Indian Civil Service
- In office 1937–1948

Indian Political Service
- In office 1928–1937

Military British Indian Army
- In office 1921–1928

Personal details
- Born: 27 January 1899 Kallar, Rawalpindi
- Died: 1975 (aged 75–76)
- Spouse: Bibi Anand Kaur Dhall
- Children: Tika Aridaman Singh Bedi, Bibi Manmohini Kumari, Bibi Sheilla Kumari
- Profession: Military, Civil Service and Indian Foreign Service

= Daya Singh Bedi =

British Indian Army officer and diplomat (1899–1975)

Ambassador Lieutenant-Colonel Baba Daya Singh Bedi (1899-1975) was an Indian diplomat, Civil Servant and a Cavalry officer in the British Indian Army with the 6th Duke of Connaught's Own Lancers (Watson's Horse).
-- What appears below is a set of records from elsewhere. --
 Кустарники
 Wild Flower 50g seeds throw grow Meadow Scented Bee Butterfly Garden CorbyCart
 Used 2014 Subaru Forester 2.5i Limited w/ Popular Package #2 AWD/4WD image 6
After the partition of India he served as India's First High Commissioner to Australia from 1948 to 1951 and Chief Commissioner of Coorg State from 1951 to 1956.

== Personal life ==

Daya Singh Bedi (1899–1975) was born to Raja Sir Gurbaksh Singh Bedi K.B.E., Kt., C.i.E., (1862–1946) an extremely influential Sikh spiritual and political leader who was the direct descendant, in the fifteenth place of Sri Guru Nanak, a member of the Legislative Council of the Punjab Province (British India) and the Raja of Kallar (Jagir) near Rawalpindi (now in Pakistan).
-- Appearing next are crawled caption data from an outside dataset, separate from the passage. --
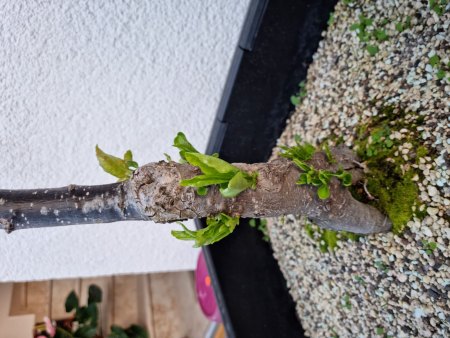 Nashi-Birne kämpft ums Überleben, bräuchte Hilfe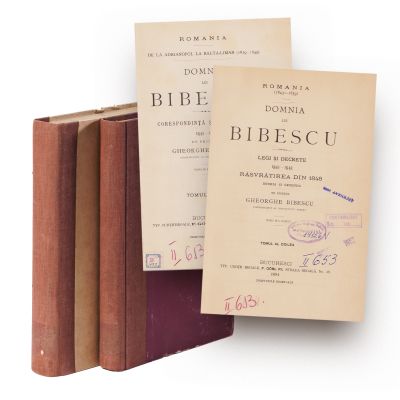 Gheorghe Bibescu, Domnia lui Bibescu, două tomuri, 1893-1894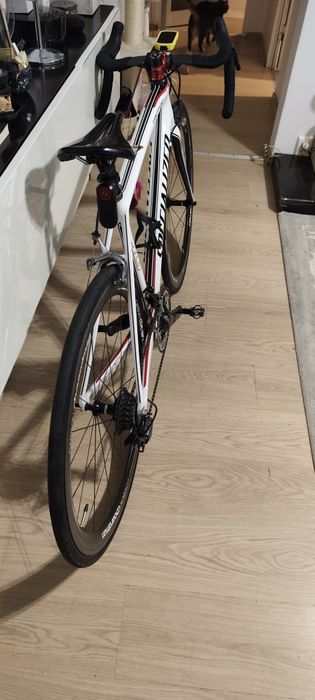 Cursiera Specialized carbon S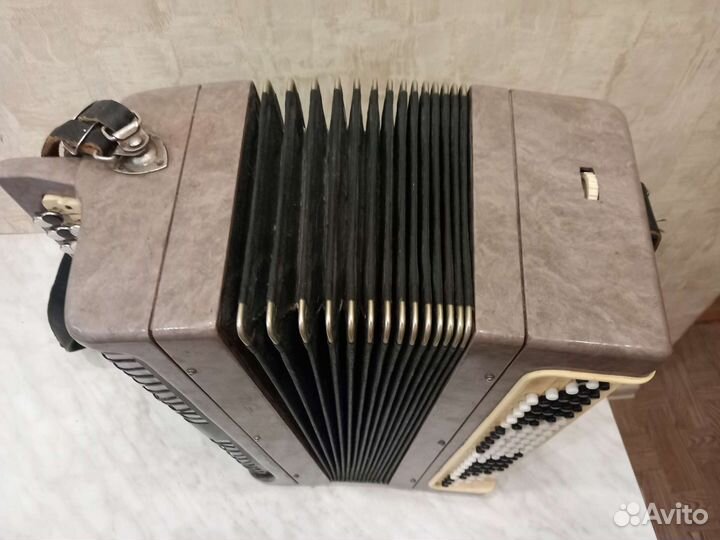 Баян тульский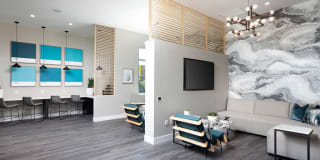 Rivue Gallery 18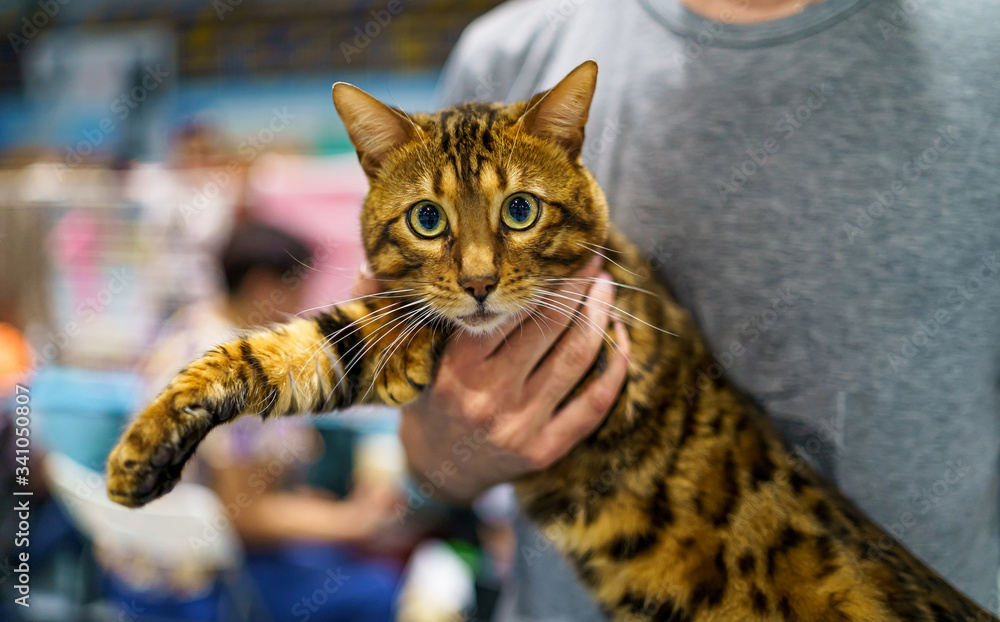 Bengal cat. A portrait of the animal. Prionailurus bengalensis.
Daya Singh Bedi was married to Bibi Anand Kaur Dhall.

== Career ==

Bedi was commissioned as a second lieutenant in July 1921 as a King's Commissioned Indian Officer (KCIO) and rose to the rank of lieutenant before he was transferred in September 1928 to the Indian Political Service. He was subsequently given the honorary rank of lieutenant colonel in 1947 during his military assignment in Nepal.
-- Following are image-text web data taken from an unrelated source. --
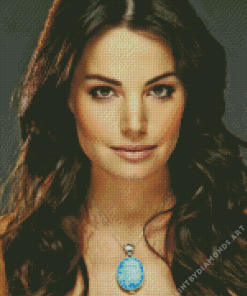 The Gorgeous Erica Durance Diamond Painting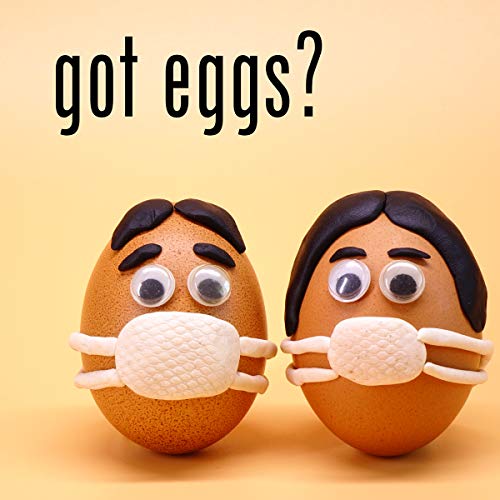 AAA Grade Egg Yolk Powder GlutenFree OU Kosher Certified (Pasteurized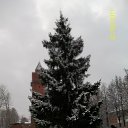 ���� ���������, ��������, 38 ��� - ��������� 21 ����� 2017 � ������ ���� ����������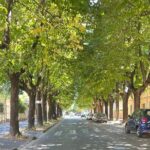 Private One Day Tour to Pisa and Lucca - Exploring the Itinerary in Detail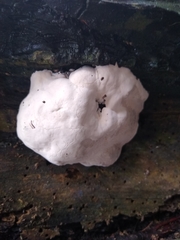 Reticularia lycoperdon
He achieved promotions from 1928 till 1937 as Political Agent (1931, Southern States and Central India) / Undersecretary (1932, States of Western India) / Assistant Commissioner in the Princely states of Rajputana (1933), Travancore (1935) and Orissa Province (1937). Bedi also had responsibilities inherited with his title in Pashtunistan and the Punjab region and he combined his professional and personal roles after the 1935 Quetta earthquake. He served with distinction as an officer of the Indian Civil Service (British India) in the regions where his family patronage existed and had a record of reconstruction and administrative efficiency in the aftermath of the earthquake. Bedi was the Political Resident in Quetta-Pishin District till 1938, Political Resident of Loralai, Balochistan, Pakistan, from 1939 to 1941, Political Resident and Deputy Commissioner of Hazara, North-West Frontier Province from 1942 to 1944, Political Agent Kurram in 1945, Political Agent Orissa States from 1946 to 1947, Regional Commissioner Rajputana in 1948.

At Indian independence, Bedi joined the newly formed Ministry of External Affairs and Commonwealth Relations which was later renamed Ministry of External Affairs (India) in the Indian Foreign Service department. His negotiation was instrumental in the amicable division of weapons, equipment, regiments and rights of the Gurkhas in military service and he was a signatory to the Britain-India-Nepal Tripartite Agreement. The following year in 1948 he was appointed as the Indian High Commissioner (Commonwealth) and Plenipotentiary to Australia and served till 1951. On his return to India, Bedi was appointed as Chief Commissioner of Coorg State where he served till 1956 when the province was dissolved and merged with the neighbouring Mysore State.

== Death ==
On retirement, Baba Daya Singh Bedi studied Sufi poetry. He died in 1975.